BB: I think anytime when you put in a teaching schedule, whether it be rookie mini camp, in a spring passing camp, in training camp or during the week where your game planning for a team on Sunday. Based on experience and what the aptitude is of your team as you are able to determine that. You can set up a schedule that is pretty close of what it's going to end up being. As you go along you modify one way or another. Sometimes you see that you're able to move a little faster than you thought and sometimes you need to slow it down a bit. You need to back track and double back and go over some things or clean up some things that are keeping you from moving forward to where you want to be. I think that is always part of the process. You set up a schedule, you start to get on that schedule and then you have to modify it. You always end up modifying it to some degree, one way or another along the way. That's where I'm sure we will be. Until everyone gets on the same page there is really no point in moving ahead if your team is so staggered in their development then you cant ever really function as a team. You will just have a bunch of guys running around out there wearing the same color jersey. You have to drop back to the point where everyone can move in one unit.

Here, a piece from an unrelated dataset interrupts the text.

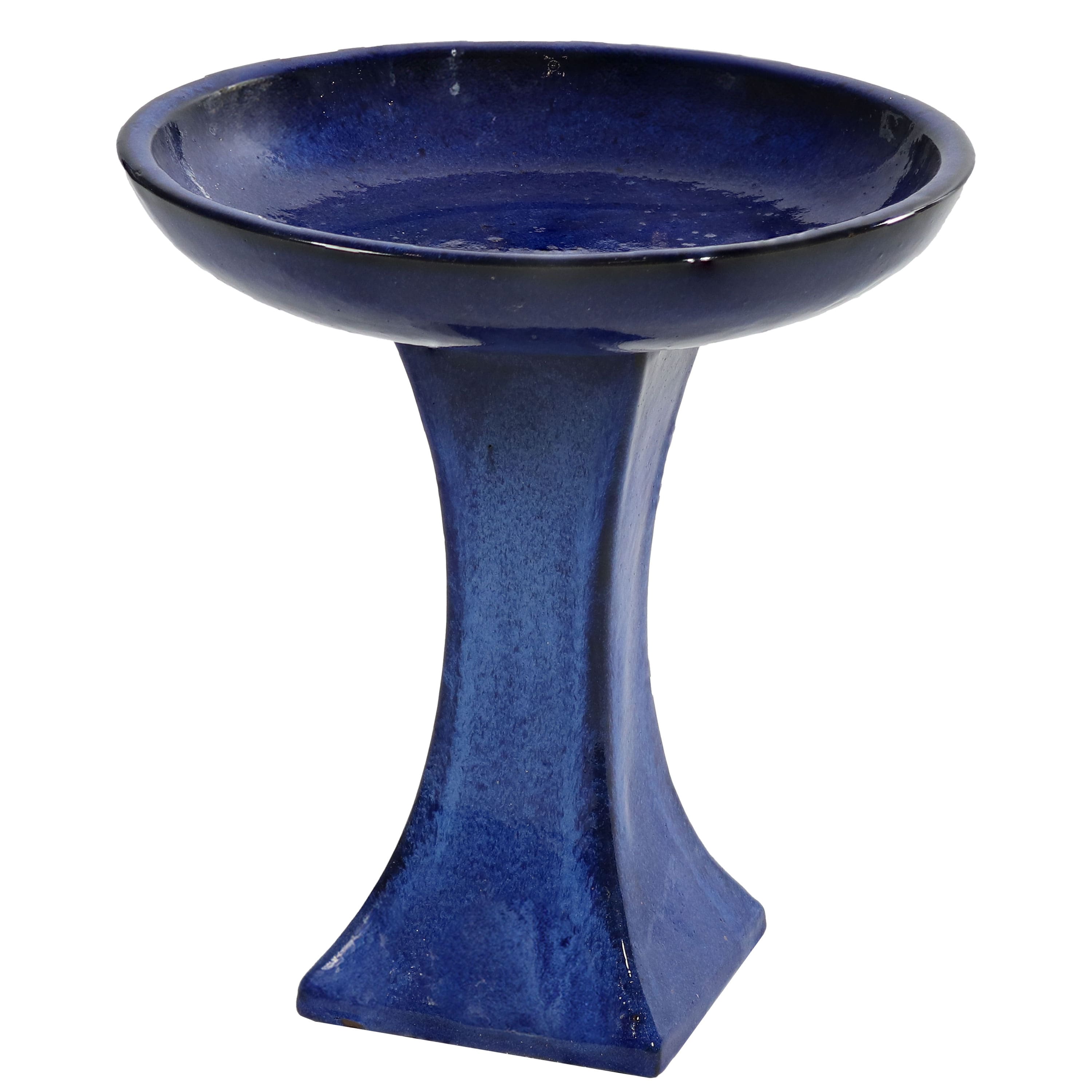 Sunnydaze - Nantes Ceramic Bird Bath - 16" H - Blue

Q: On film, how impressive were Wheatley and Slater?

BB: They are both good. They both had a lot of production.

Q: How about their transition?

BB: I will certainly give them an opportunity, we will find out.

Q: How comfortable are you will the current collection of cornerbacks that you have on your roster?

BB: We are always looking to improve our team at any position. We have done that in the past so if we have an opportunity to improve it, we will. We will just have to see what we have.

Q: What caught your eye about Jonathan Stupar of Virginia?

BB: He did a good job at Virginia. He played on the line, blocked on the line of scrimmage. He has pretty good hands, played in a good system, which we know Al [Groh] runs. So we have seen him do a variety of things. I wouldn't say he really falls into the category of a receiving tight end or blocking tight end. He is kind of somewhere in the middle, having skills in both. He is a smart kid who played in a good program.